▶ Caption-style text data:
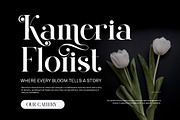 Qid Bronste Elegant Serif, a Serif Font by Perfectype (Thumbnail 4 of 9)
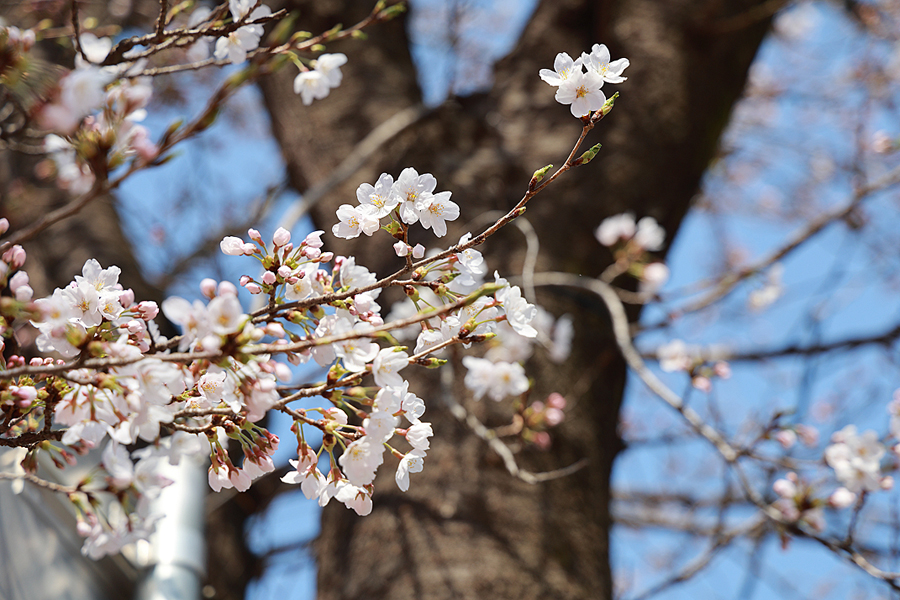4월 경기도 가볼만한곳 가평 에덴벚꽃길 벚꽃 축제 실시간 개화시기 주차 외 가평 여행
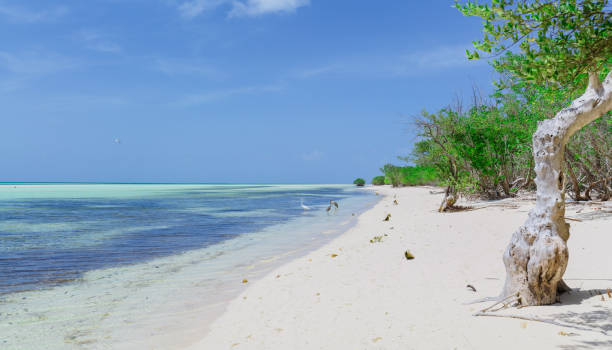 istock beautiful secluded beach area, nice landscape view with wildlife, birds in background 1457419321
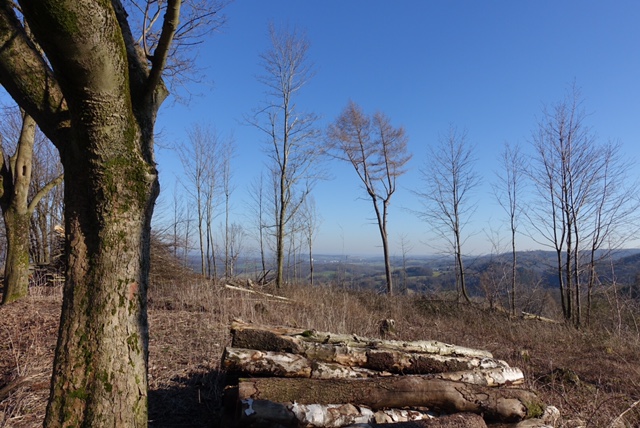 28.2. Fürstenberg: Besuch beim alten Hermann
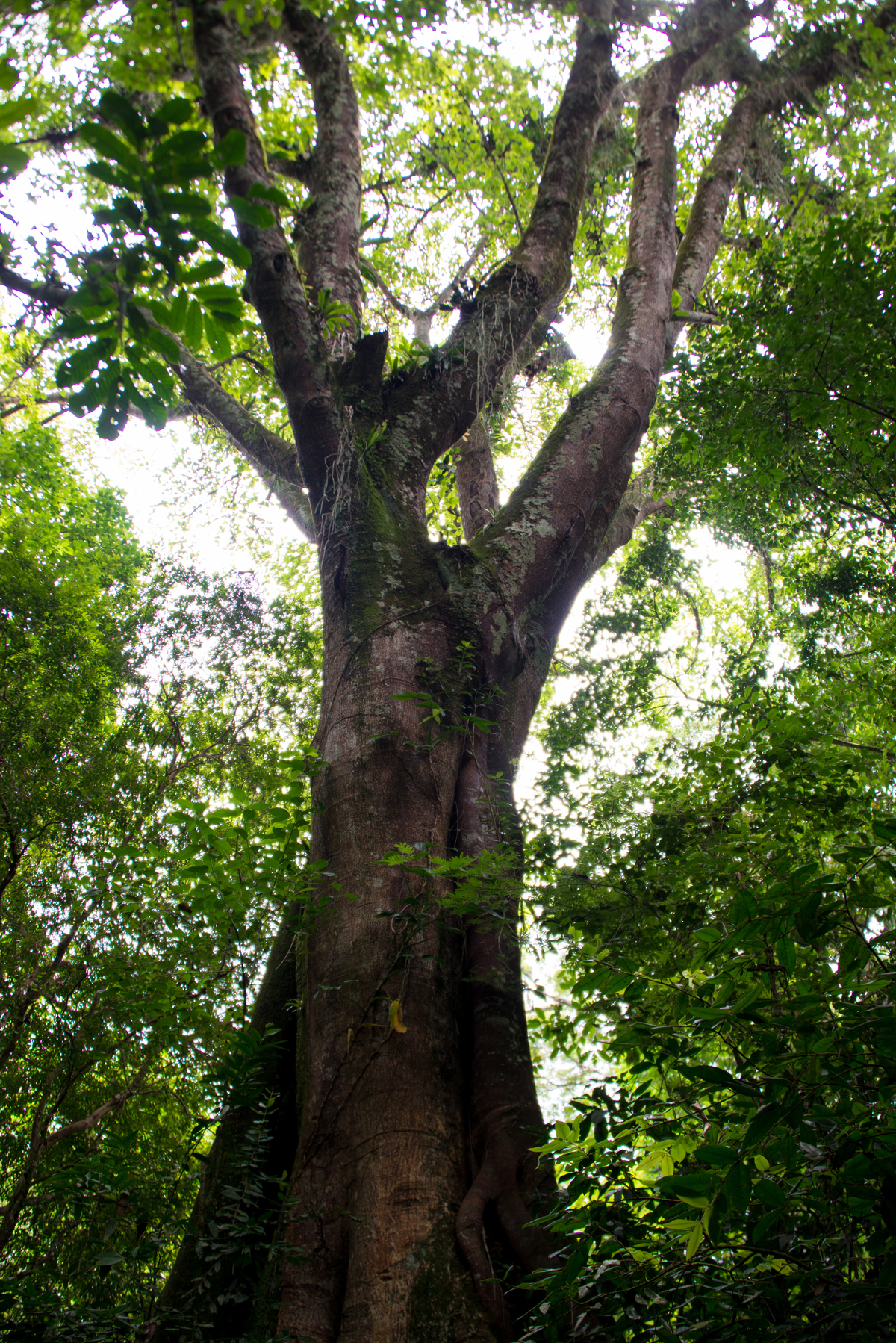 UM TOQUE NO SEU OLHAR ARIANE SCHMITZ TATIANA VIEIRA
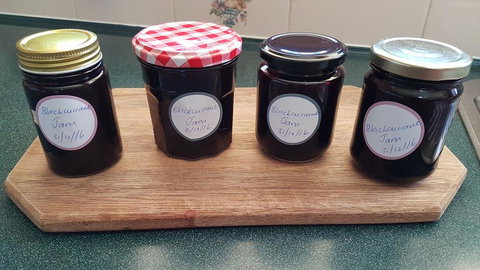 Jensens Bed And Breakfast - Adwords Guide 2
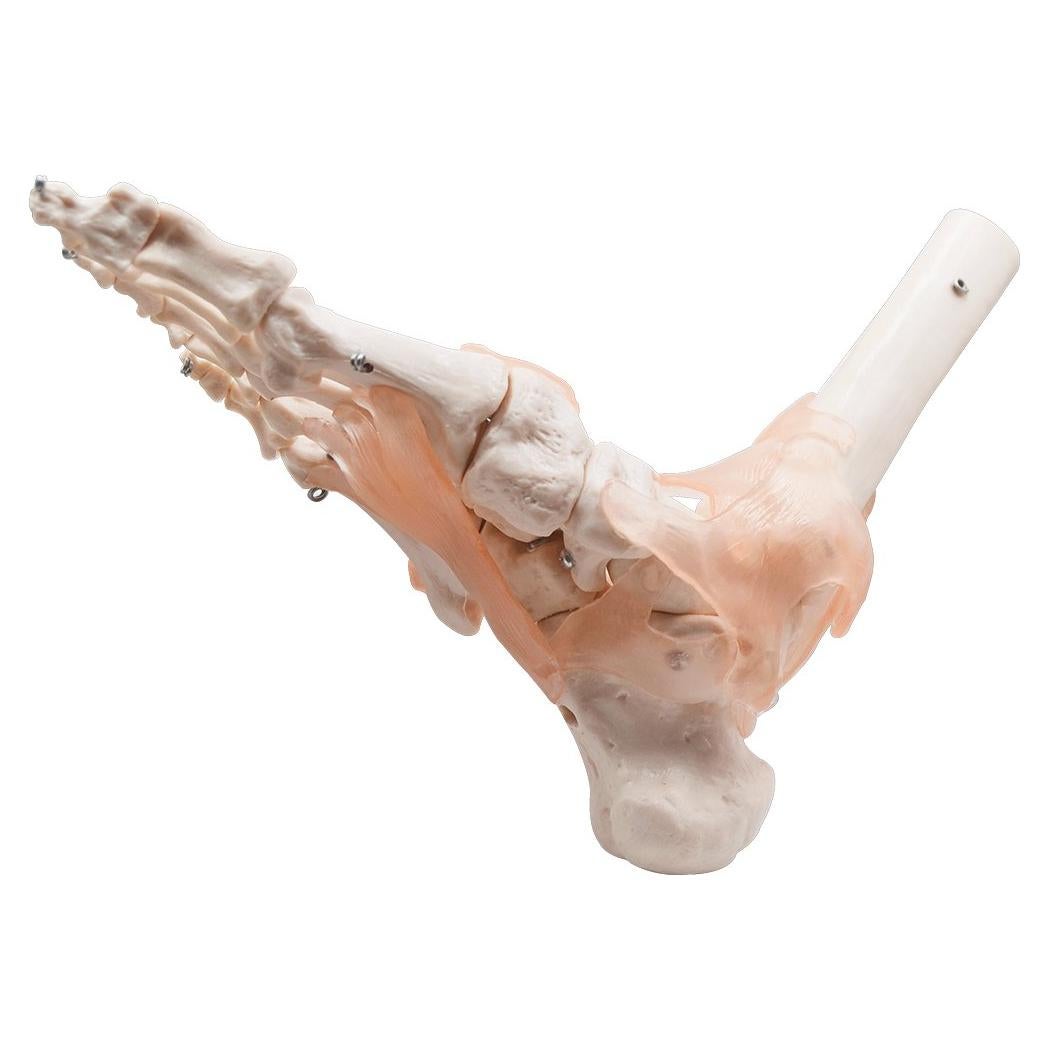 Modelo de Articulación del Pie HUBERY HM-11 Tamaño Real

▶ TO DO:
Only the lines from the one containing "4월 경기도 가볼만한곳" through the last line of the entries belong in the answer, given again exactly. Images stay out.

▶ SOLUTION TO THIS PROBLEM:
4월 경기도 가볼만한곳 가평 에덴벚꽃길 벚꽃 축제 실시간 개화시기 주차 외 가평 여행
 istock beautiful secluded beach area, nice landscape view with wildlife, birds in background 1457419321
 28.2. Fürstenberg: Besuch beim alten Hermann
 UM TOQUE NO SEU OLHAR ARIANE SCHMITZ TATIANA VIEIRA
 Jensens Bed And Breakfast - Adwords Guide 2
 Modelo de Articulación del Pie HUBERY HM-11 Tamaño Real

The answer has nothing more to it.